The last post saw Dad leaving Egypt on April 8, 1944 – the day of his 24th birthday. The 127 Squadron shifted to R.A.F. Station, North Weald (UK) and an email to me from Albie Gotze SAAF (Brig Gen. Retd) told us how the Squadron moved.
In one of those eerie coincidences in life, Dad takes up his logbook again on May 8, 1944. He didn’t know it then but I would be born on that day many years later. His first entry, now that he’s stationed in the United Kingdom, is full of excitement because he is now flying his own aircraft: a Spitfire IX.

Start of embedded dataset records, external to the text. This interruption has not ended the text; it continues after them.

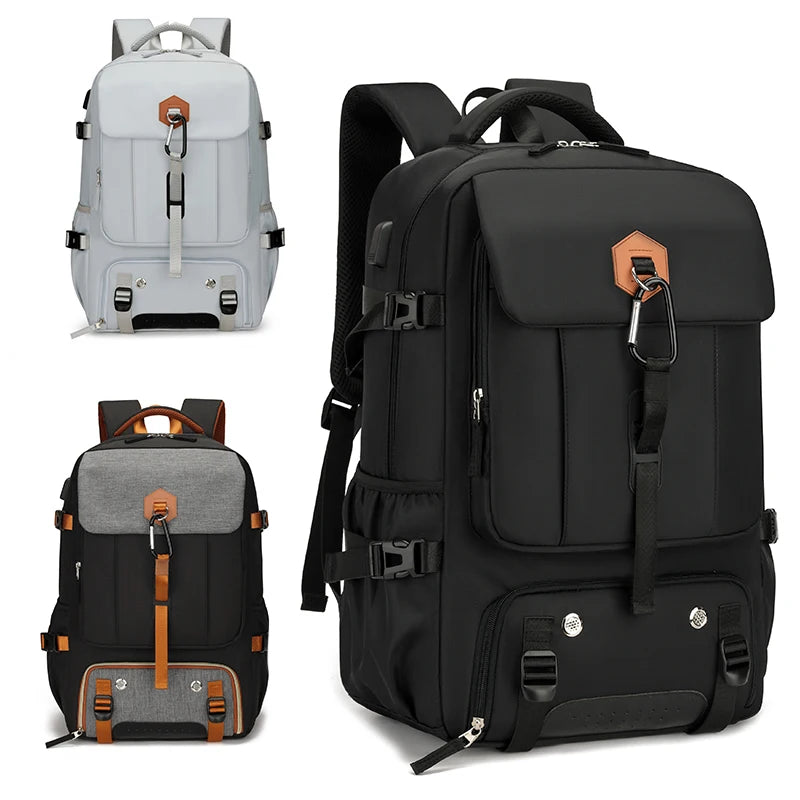 Sac À Dos De Camping Unisexe En Nylon Compartiment Déperlant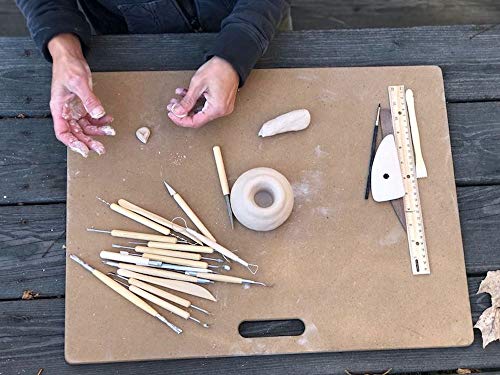 Penguin Pottery - Portable Clay Wedging Board With Built-In Handle - 18 In X 24 In - Wedging Board For Clay - Clay Board For Clay Crafts Arts Ceramics Pottery Tools #TOP2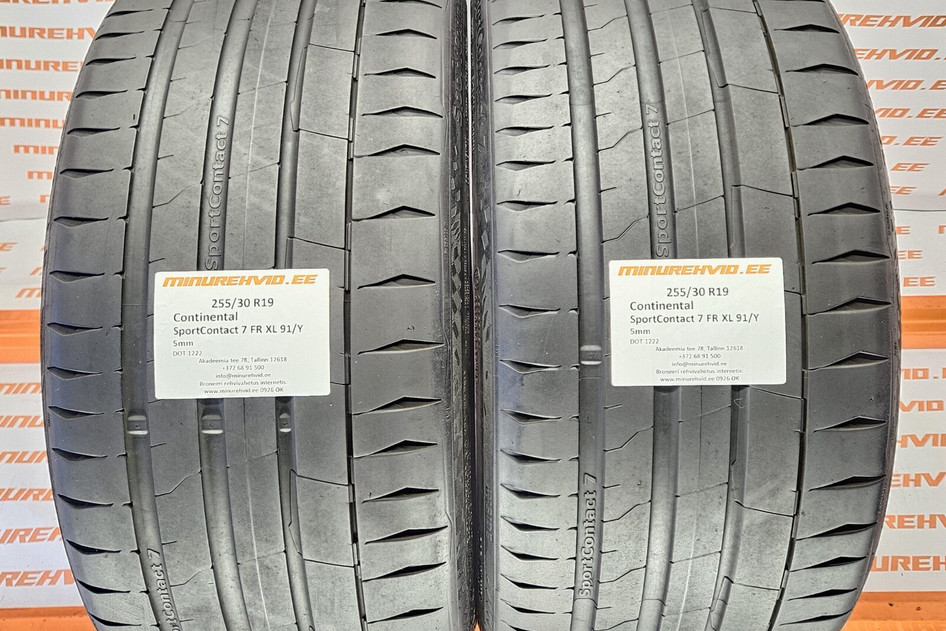Подержанный летняя шина 255/30R19 Continental SportContact 7 FR XL 91/Y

I learnt from Albie Gotze that he and my father had to convert from a Hurricane Mk 2 to the Spitfire. I know that the development of the Spitfire has a rather interesting history – but maybe a dedicated reader could point out the specific features of the Spitfire IX. I vaguely recall Dad telling me (do I have this right?) that the Spitfire he flew was developed in response to a particular German aircraft and that this aircraft could climb higher than the Spitfire IX (or the Spitfire before the IX, not sure). Over to experts!
Anyway. We see Dad commenting on May 8: My own A/C. Lovely too. Seems he was involved in the usual flying activities but now including sector recco (guess this was a reconnaissance mission in a particular sector); wing formation; escort to Mosquitoes (the British-built de Havilland DH.98 Mosquito plane); and looks like some bombing missions too.
A couple of things I don’t understand – Line Aster Chase (at least I think the logbook says Aster) and Sweep – Creil Area (both on May 22). In his logbook, Dad comments: First time over France – at 24,000ft. I know that Creil is in Northern France so I presume Sweep – Creil Area means he was flying over that area in search of enemy activity.
You can really sense the action is heating up now. During the sweep of the Creil area, Dad noted: Pranged train in marshalling yard. I presume this means he hit a train with the guns of his Spitfire (which were located in the wing) as opposed to just seeing a damaged train.
Actually, a comment above the one he makes in his logbook about the train says: Hit second train which fired back, so I guess Dad was involved in some sort of raid on the marshalling yards that were intended to take out or severely damage the trains. German trains? There is another part to the comment that I simply can’t read – although the last word is hit (see photos below). On that day, he also noted that there was bags of light and accurate flak. Neil Thomas missing.
The list of the 127 Squadron pilots shows a F/O Neil Osborne Thomas and I corroborated the date he went missing with the Operational Losses section of the 127 Squadron website. F/O Neil Osborne Thomas (400740) was Australian who was shot down and spent the rest of WWII as a prisoner of war.
A bit more Dr Googling and I found that he was discharged on November 17, 1945 from the 127 Squadron and he previously served with the 457 Squadron. I’d be very interested to know where he spent time as a POW and if he is still alive.
Dad returned to base (North Weald – Lympe) on May 24 with engine trouble. He’d been involved in a strategic bombing mission over Douai (Northern France) and had to jettison the 500 lb bomb in the Channel as he flew back to base. Frankly, I would have been a bundle of nerves – just shows you the nerves of steel fighter pilots needed!
The Summary for May 1944 is signed off by Flt Lt Peter Hillwood O.C. “B” FLT. Not quite sure what the O.C. “B” FLT business means – Officer Commanding presumably. And on the opposite page of the logbook, Squadron Leader, Charles Frank Bradley’s signature appears.